Brief descriptive captions:

==================================================

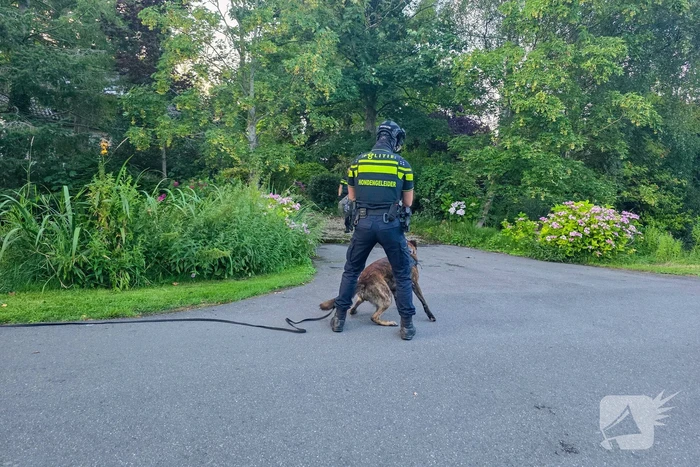 Grote zoekactie na glasgerinkel bij woning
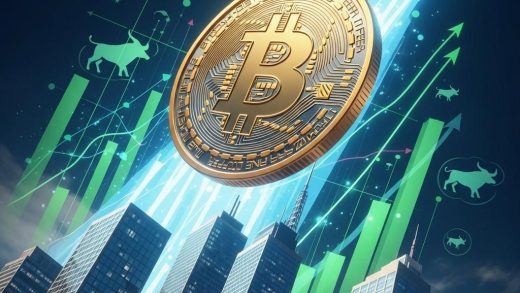 비트코인 9만7천 달러 돌파, 10만 달러 눈앞?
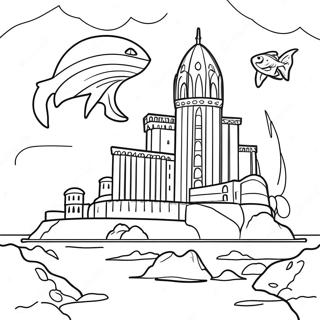 Atlantis Coloring Page 72684-60024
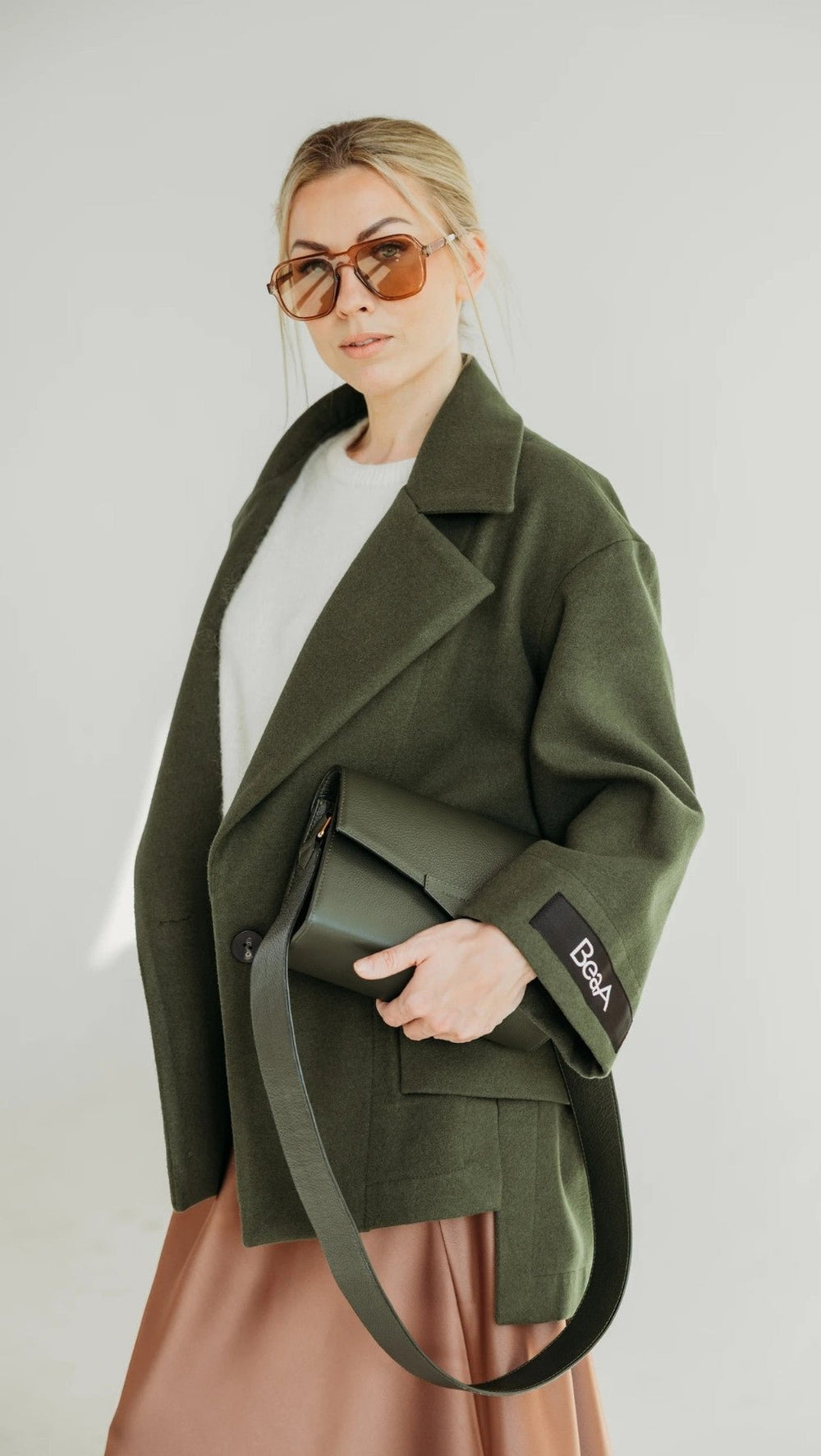Jacket Deep Forest - BeaA - Be At Home with Yourself - coat
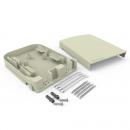FETLPTPD-001-0 - ROSETA PTO PAREDE LC/SC  12F CINZA - 35250032 - LIGHTERA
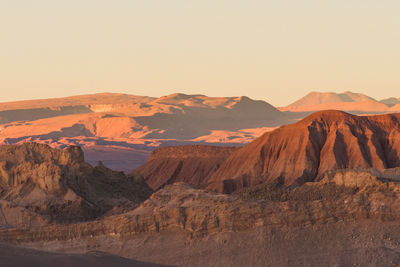 View of a desert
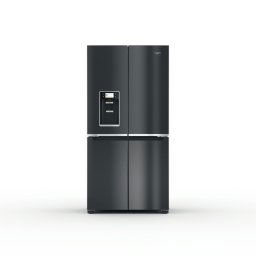 Whirlpool WQ9I FO2BX EF 4 ajtós hűtőszekrény fagyasztóval E Energiaosztály, Hűtő: 55L, Fagyasztó: 237L, Nofrost, Zajszint: 41 dB, Szél: 90.8 cm, Mag: 187.6 cm, Mély: 71.6 cm, Digitális kijelzővel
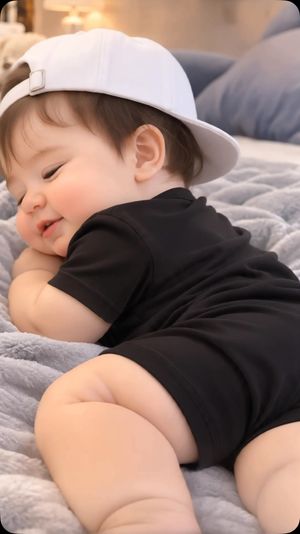 Image post by @cutebaby_ai2 on Instagram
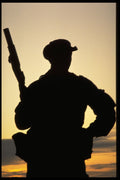 270018 Navy SEAL Team Five, Camp Kerry, CA A4 Photo Print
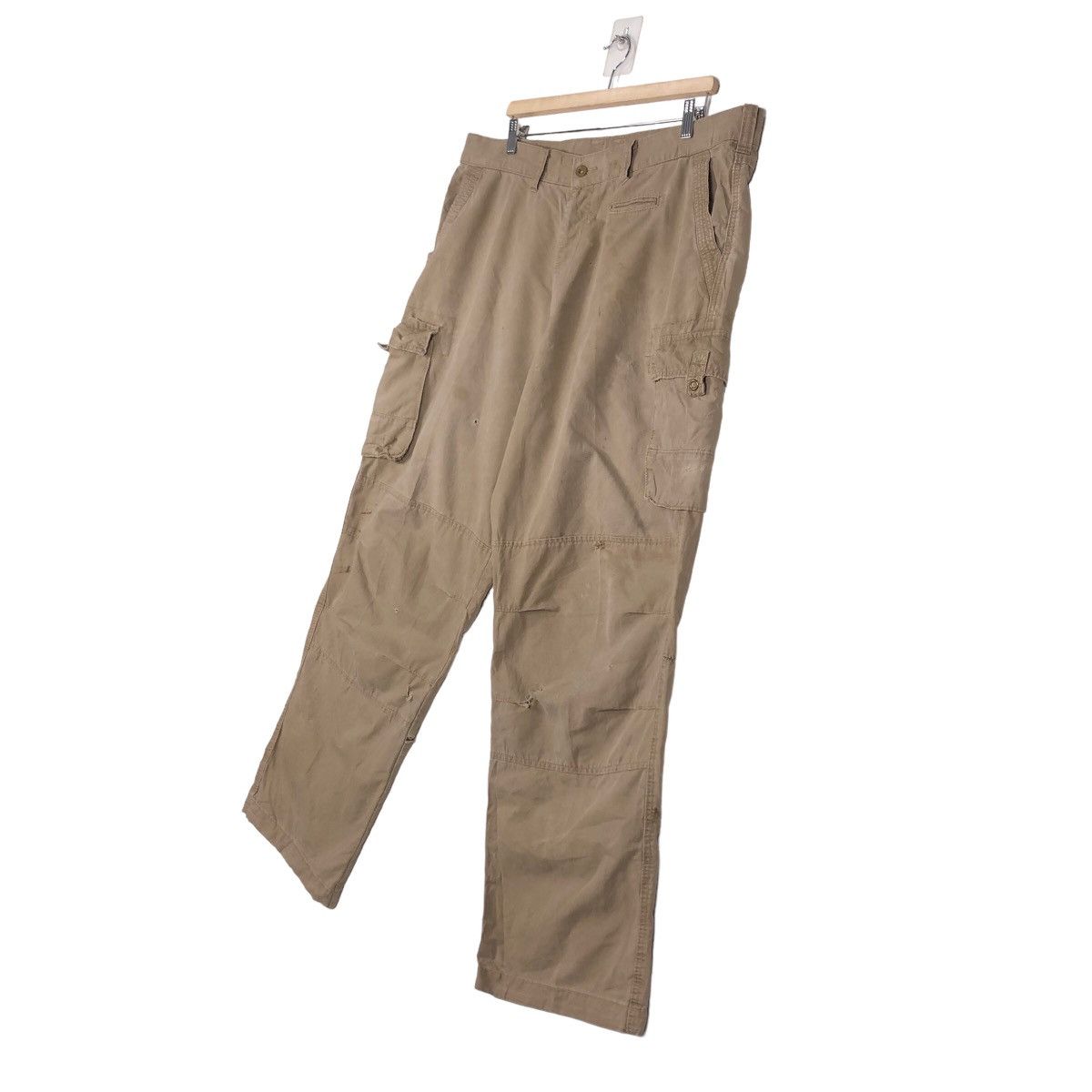 Japanese Brand 🔥VINTAGE BUSH PANTS CARGO POCKETS MIITARY STYLE 8065 BUZZ Size US 40 / EU 56 - 2 Thumbnail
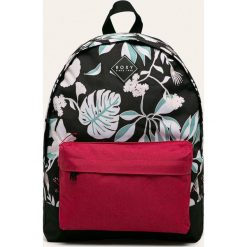 Roxy - Plecak. Czarne plecaki damskie Roxy, bez wzorów, z poliesteru. Za 149,90 zł.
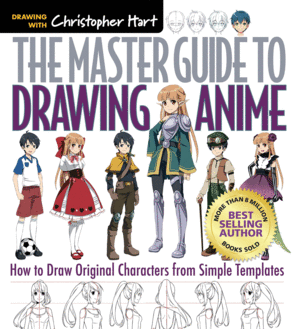 Master Guide to Drawing Anime, The. Vol. 1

==================================================

Required work: Each entry above should be reproduced exactly, with the pictures removed.

Solution below:
 Grote zoekactie na glasgerinkel bij woning
 비트코인 9만7천 달러 돌파, 10만 달러 눈앞?
 Atlantis Coloring Page 72684-60024
Jacket Deep Forest - BeaA - Be At Home with Yourself - coat
FETLPTPD-001-0 - ROSETA PTO PAREDE LC/SC  12F CINZA - 35250032 - LIGHTERA
 View of a desert
 Whirlpool WQ9I FO2BX EF 4 ajtós hűtőszekrény fagyasztóval E Energiaosztály, Hűtő: 55L, Fagyasztó: 237L, Nofrost, Zajszint: 41 dB, Szél: 90.8 cm, Mag: 187.6 cm, Mély: 71.6 cm, Digitális kijelzővel
 Image post by @cutebaby_ai2 on Instagram
 270018 Navy SEAL Team Five, Camp Kerry, CA A4 Photo Print
 Japanese Brand 🔥VINTAGE BUSH PANTS CARGO POCKETS MIITARY STYLE 8065 BUZZ Size US 40 / EU 56 - 2 Thumbnail
 Roxy - Plecak. Czarne plecaki damskie Roxy, bez wzorów, z poliesteru. Za 149,90 zł.
 Master Guide to Drawing Anime, The. Vol. 1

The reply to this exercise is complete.